→ THE DATA
******
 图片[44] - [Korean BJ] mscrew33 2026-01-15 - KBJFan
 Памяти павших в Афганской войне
******
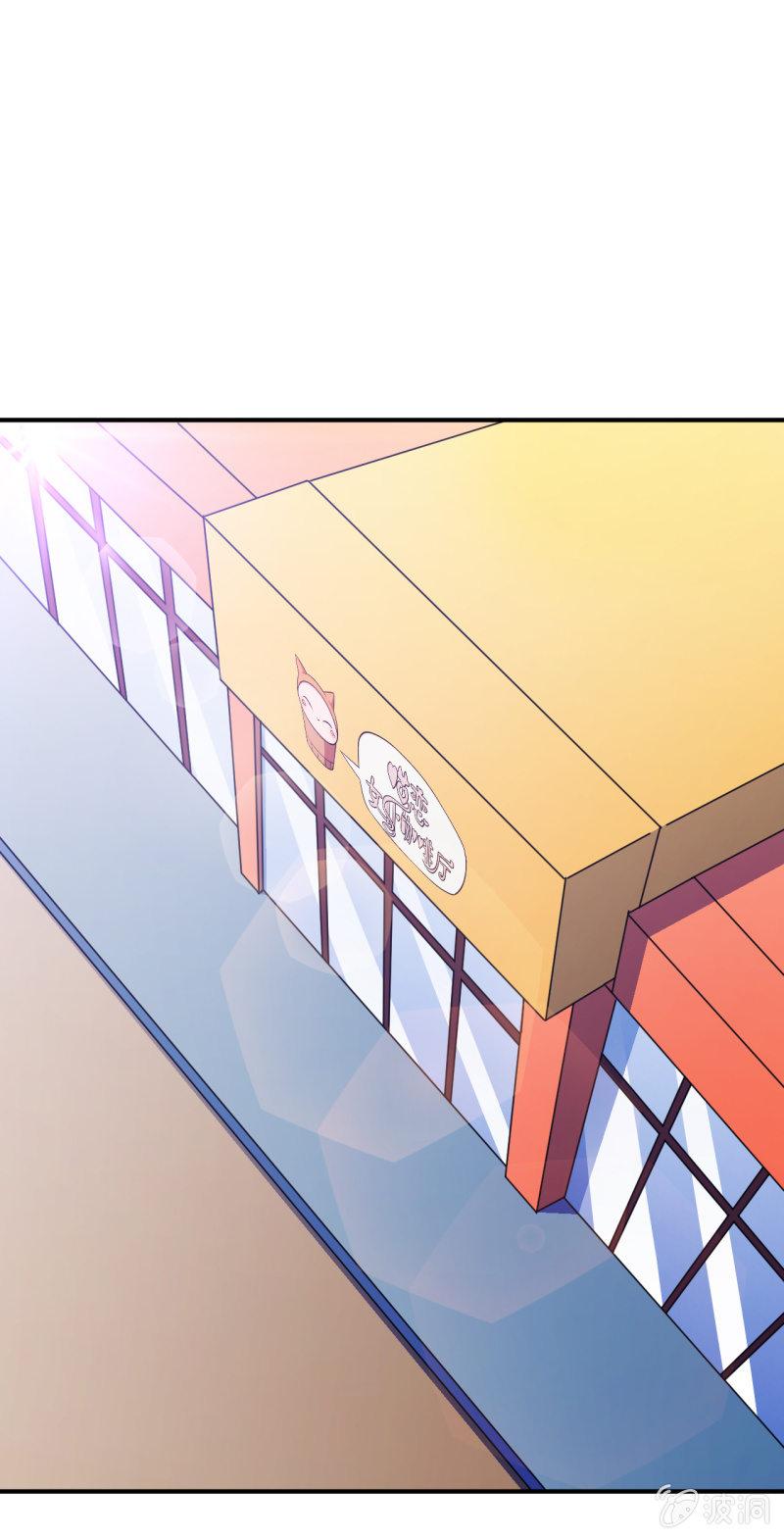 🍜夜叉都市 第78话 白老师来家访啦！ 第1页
******
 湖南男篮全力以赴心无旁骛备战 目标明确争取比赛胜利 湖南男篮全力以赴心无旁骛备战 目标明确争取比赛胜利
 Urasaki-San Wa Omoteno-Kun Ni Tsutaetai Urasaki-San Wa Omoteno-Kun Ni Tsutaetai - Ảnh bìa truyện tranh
******
Print exactly the lines above, between the one holding "图片[44] - [Korean" and the one holding "Памяти павших в Афганской войне", inclusive, and nothing besides.

→ COMPLETED EXERCISE
 图片[44] - [Korean BJ] mscrew33 2026-01-15 - KBJFan
 Памяти павших в Афганской войне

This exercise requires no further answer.